To make matters worse, any type of digital device that supports a Wi-Fi connection is likely to be compromised, which means no one is actually protected from cyber-crimes. Hackers can easily exploit this vulnerability commonly known as “key reinstallation attack” (KRACK), and use information that was believed to be encrypted.

That said, it’s not just our sensitive data that are at stake. With a compromised network, hackers can also intercept passwords, emails, take over devices and insert ransomware or any malicious content onto our systems. As Mathy explains: “This can be abused to steal sensitive information such as credit card numbers, passwords, chat messages, emails, photos, and so on.”

Vanhoef provided a video as well, showing the attacks against a device running on the Android mobile operating system. The YouTube video showcases a clear attack and data decryption that a mobile phone sends to the access point. This type of hacking works by forcing the smartphone into reinstalling an all-zero encryption key as opposed to the real and already existing one.

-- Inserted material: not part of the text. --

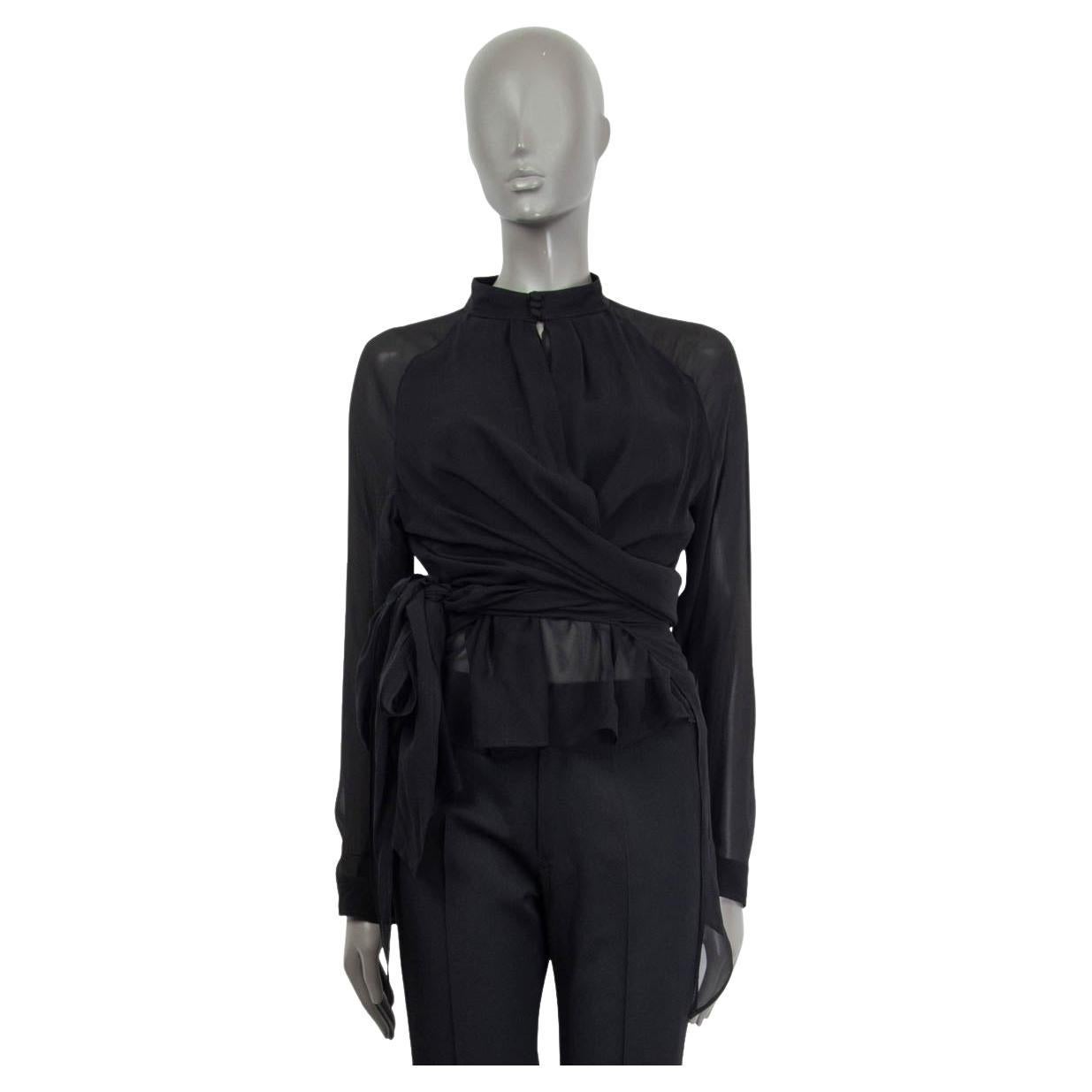 TOM FORD black 2019 KNOTTED SILK GEORGETTE Blouse Shirt 40 S For Sale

While Linux is particularly vulnerable to these attacks, the researchers state: “Although websites or apps may use HTTPS as an additional layer of protection, we warn that this extra protection can (still) be bypassed in a worrying number of situations. For example, HTTPS was previously bypassed in non-browser software, in Apple’s iOS and OS X, in Android apps, in Android apps again, in banking apps, and even in VPN apps.”

On a somewhat positive note, this hack can’t be performed online. The hacker who tries to take advantage of this loophole in the system needs to do it locally and within the range of the wireless network they are intending to breach. The hacking only works by deceiving a WPA2 security layer called the four-way handshake, which provides access to the Wi-Fi network if the device has the correct credentials.

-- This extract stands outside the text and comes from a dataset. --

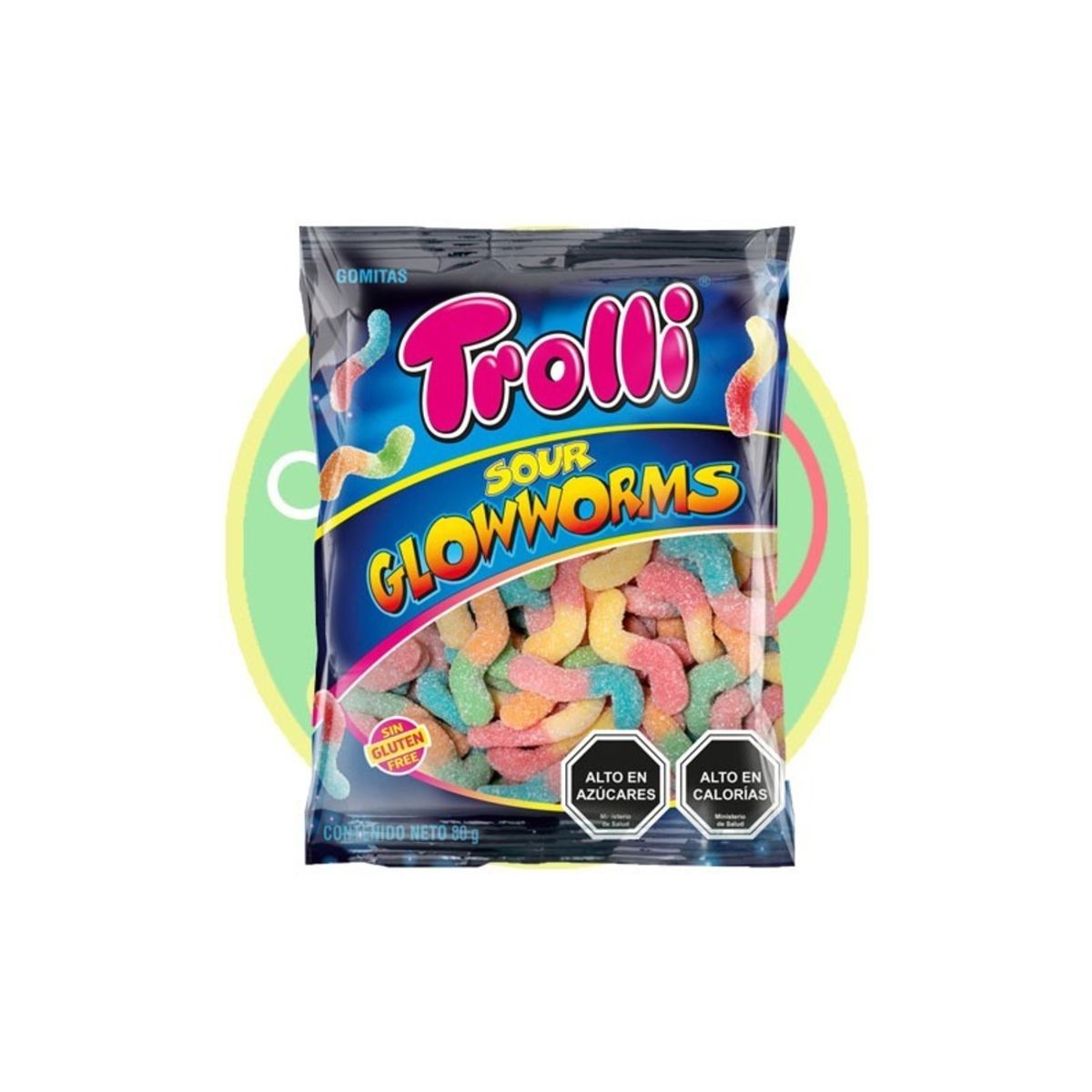 TROLLI - Pack X 5 Gusanitos Acidos 80g Trolli Sin Gluten TROLLI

Mathy claims the encryption key should be only installed and used once in order to guarantee safety, but unfortunately this can’t protect the WPA2 protocol. “By manipulating cryptographic handshakes, we can abuse this weakness in practice.”

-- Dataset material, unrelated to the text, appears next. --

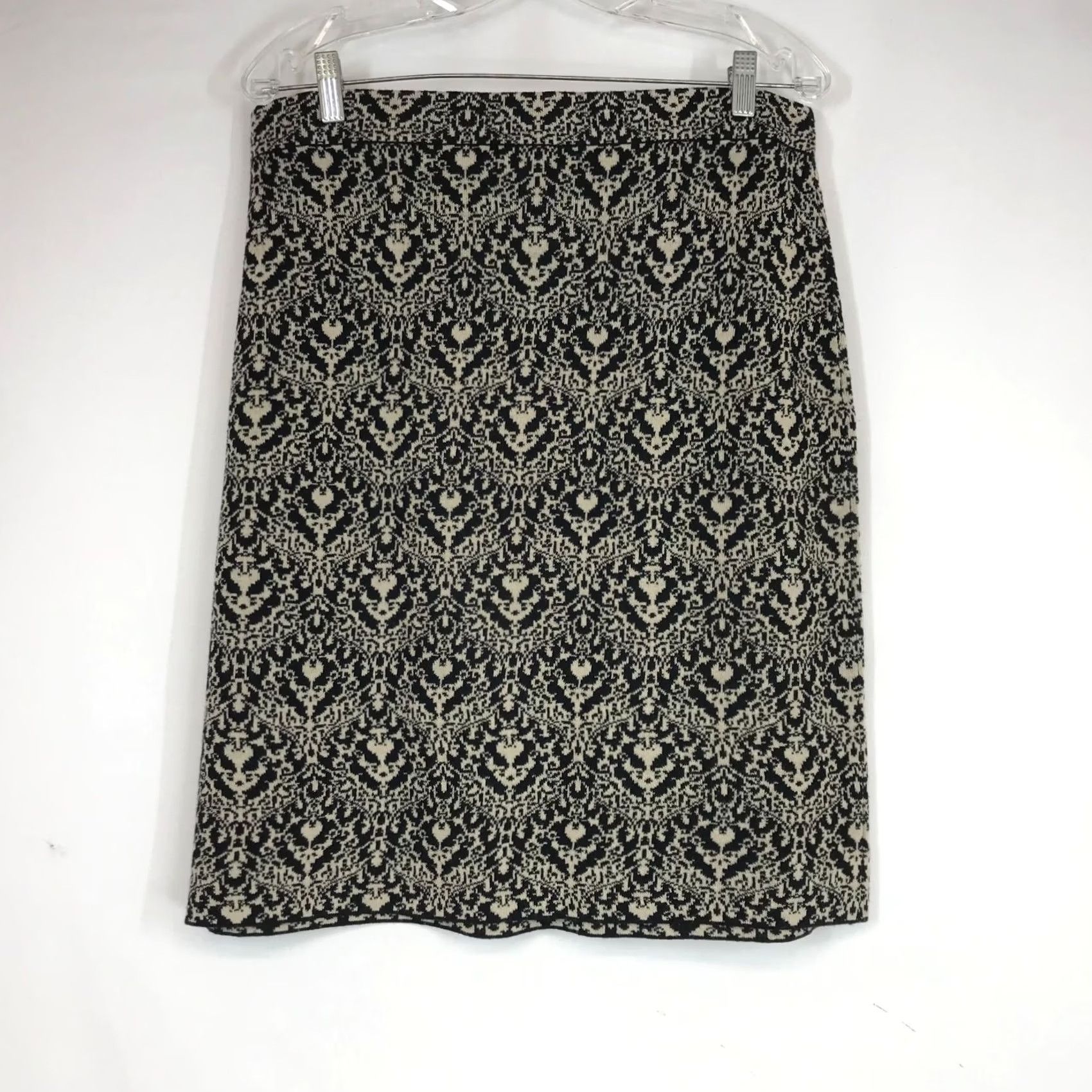 Vintage CHICO'S Skirt Womens 2 TAN & BLACK Elastic Waist Pull-On Wool Blend Sweater Size XS / US 0-2 / IT 36-38 - 3 Thumbnail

The good news is the code that allows this attacks to occur was not released to the public. Therefore, the hackers still don’t have the upper hand, because they don’t have a complete knowledge of how it works.

On the other hand, we are obviously not safe from the risks or possible future attacks. But before it happens, Vanhoef encourages technology companies and all people to patch their systems with some of the already available remedies, because “changing the password of your Wi-Fi network does not prevent (or mitigate) the attack.” Mathy continues to explain that we need to make sure our devices, as well as our router’s firmware are regularly updated.

While tech companies such as Google and Apple promise security updates to fix the cracked Wi-Fi protocol, the ongoing threat poses a huge concern for the industry that depends on IoT (internet of Things) devices. In addition, let’s not forget about the dangers to home safety due to Wi-Fi enabled security cameras.

In the words of Alan Woodward from the University of Surrey’s Center for Cyber Security: “It seems to affect all Wi-Fi networks, it’s a fundamental flaw in the underlying protocol, even if you’ve done everything right [your security] is broken.”

Until we get more information and productive solutions, you can check out the research paper on Key Reinstallation Attack online. Remember to pay attention to vulnerable Wi-Fi access points and choose the VPN providers carefully, since many services can’t promise user security.